→ **Supplied records**:
>>

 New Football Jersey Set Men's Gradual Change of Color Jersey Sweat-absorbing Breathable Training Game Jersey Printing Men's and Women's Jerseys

<<
>>

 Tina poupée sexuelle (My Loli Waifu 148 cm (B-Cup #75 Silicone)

<<
>>

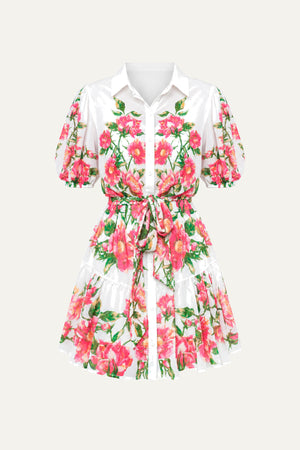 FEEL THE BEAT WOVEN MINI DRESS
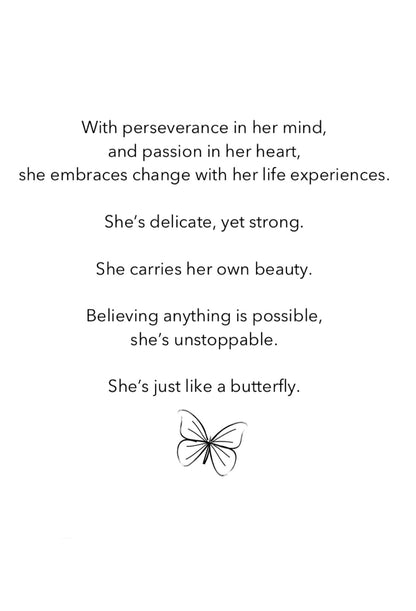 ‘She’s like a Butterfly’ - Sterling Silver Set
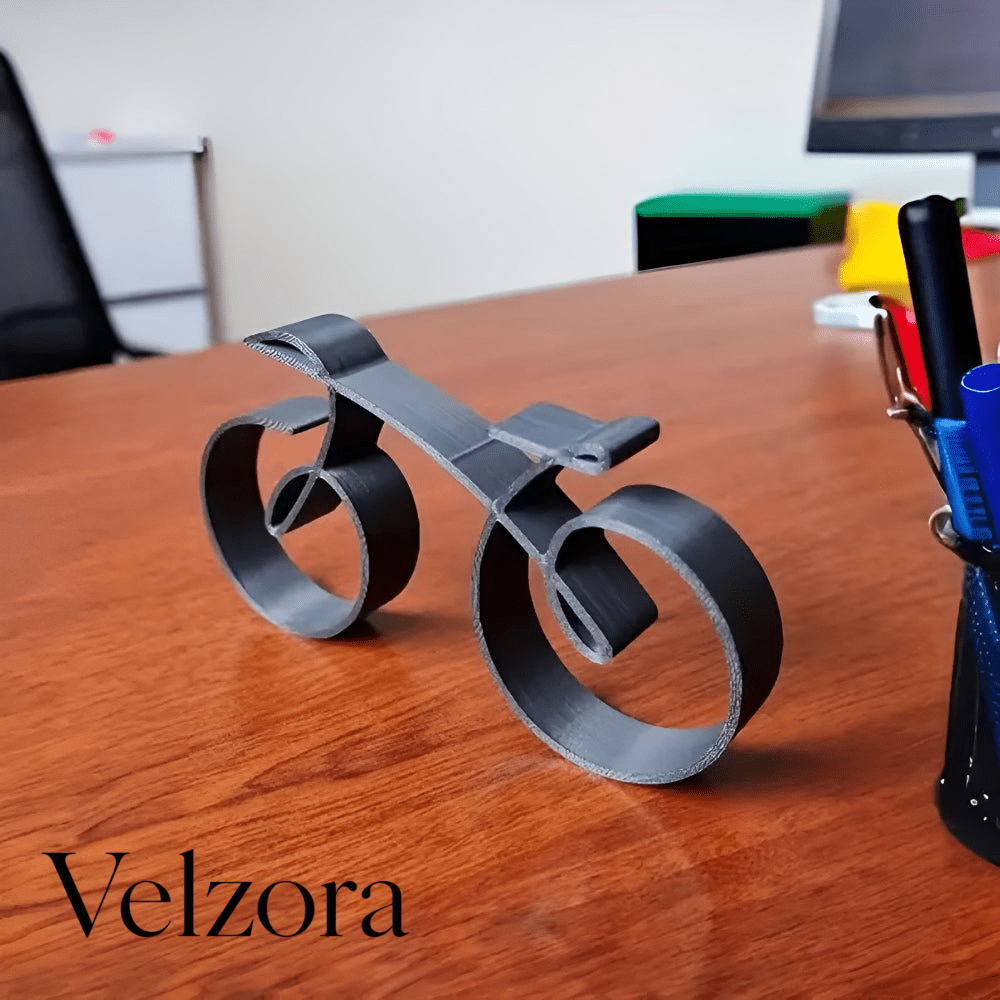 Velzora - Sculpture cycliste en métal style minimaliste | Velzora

<<

→ **What is expected**:
Copy exactly the lines of the listing above between the one holding "Sterling Silver Set" and the one holding "Velzora - Sculpture", inclusive; omit all pictures.

→ **Response area**:
 ‘She’s like a Butterfly’ - Sterling Silver Set
 Velzora - Sculpture cycliste en métal style minimaliste | Velzora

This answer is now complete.